Assignment: Please transcribe only the lines from the one holding "May include: Two" through the final line of the data, both included, with no pictures.

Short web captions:
★ ★ ★ ★ ★ ★ ★
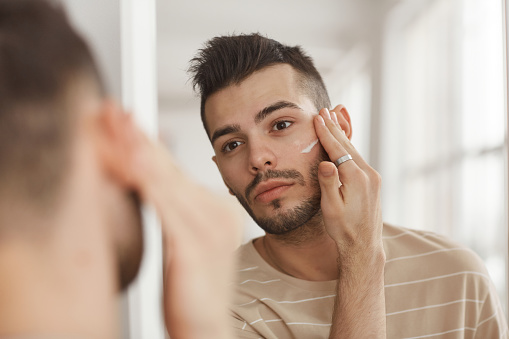 Portrait of young man applying face cream while looking in mirror during morning skincare routine, copy space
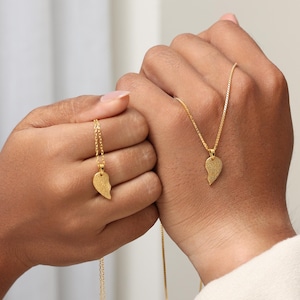 May include: Two gold-toned necklaces, each featuring a pendant shaped like one half of a heart. The surface of each pendant is textured with a detailed fingerprint pattern. The pendants hang from delicate gold-toned box chains.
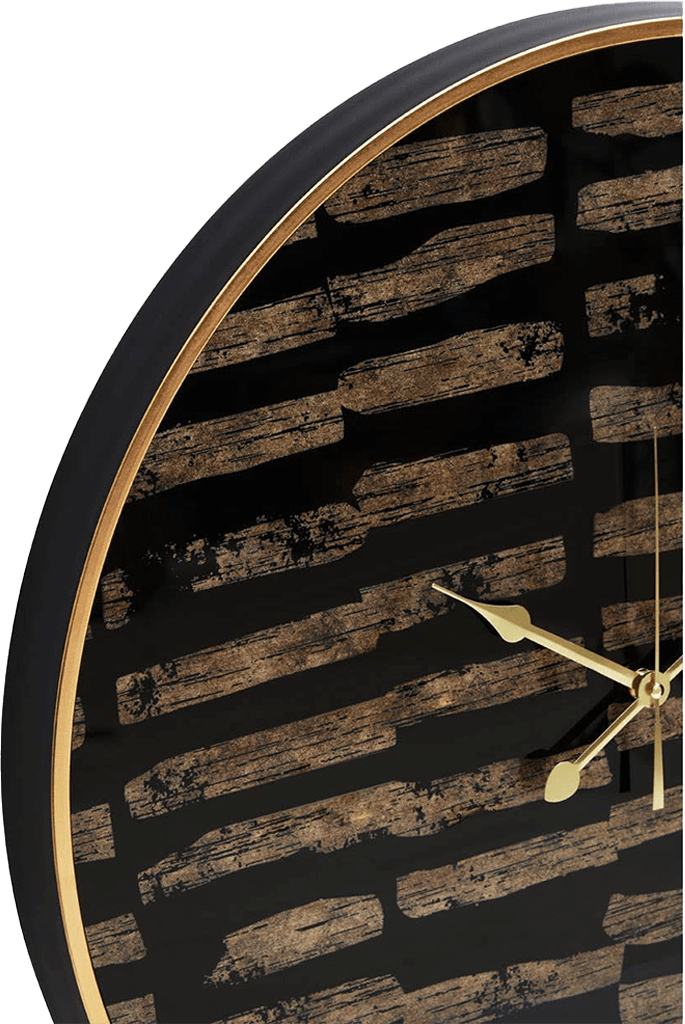 Wall clock with black and gold design on a white background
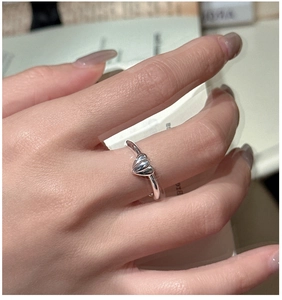 Detailed close-up of S925 sterling silver ring with three stacked heart shapes on hand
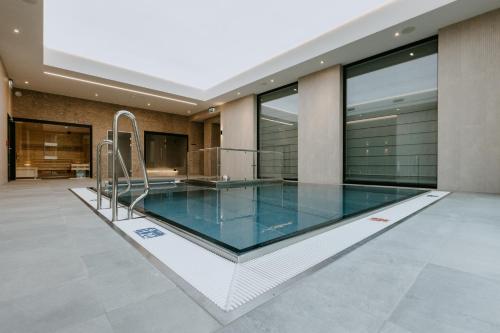 a swimming pool in the middle of a house at VISLOW Resort in Wisła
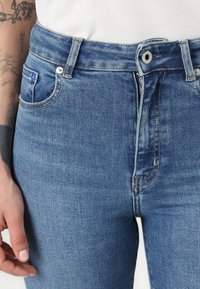 Mėlyni džinsai su aukštu liemeniu, klasikinio penkių kišenių dizainu ir užtrauktuko priekyje su mygtuku. Minkšta tekstūra ir šiek tiek išblukusi apdaila.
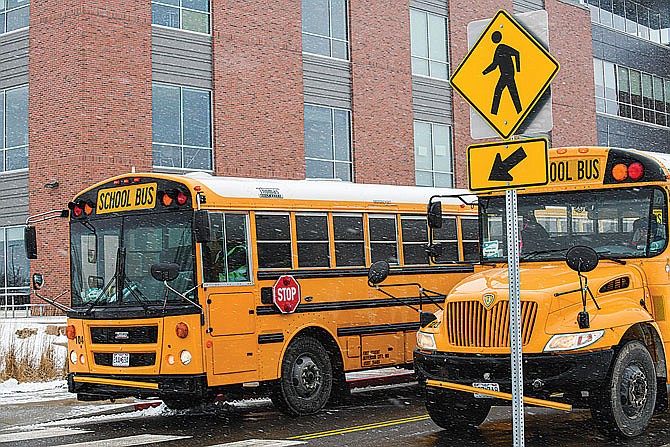 Drivers for the Jefferson City School District wait outside of Capital City High School on Feb. 8, 2021, for students to be dismissed from class. 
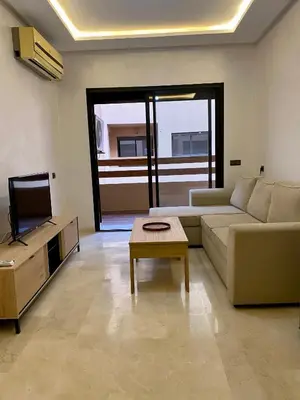 a living room with a couch and a tv and a table at Appartement 2 chambres salon centre de Gueliz 19 in Marrakech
★ ★ ★ ★ ★ ★ ★
Answer to the problem:
 May include: Two gold-toned necklaces, each featuring a pendant shaped like one half of a heart. The surface of each pendant is textured with a detailed fingerprint pattern. The pendants hang from delicate gold-toned box chains.
 Wall clock with black and gold design on a white background
 Detailed close-up of S925 sterling silver ring with three stacked heart shapes on hand
 a swimming pool in the middle of a house at VISLOW Resort in Wisła
 Mėlyni džinsai su aukštu liemeniu, klasikinio penkių kišenių dizainu ir užtrauktuko priekyje su mygtuku. Minkšta tekstūra ir šiek tiek išblukusi apdaila.
 Drivers for the Jefferson City School District wait outside of Capital City High School on Feb. 8, 2021, for students to be dismissed from class. 
 a living room with a couch and a tv and a table at Appartement 2 chambres salon centre de Gueliz 19 in Marrakech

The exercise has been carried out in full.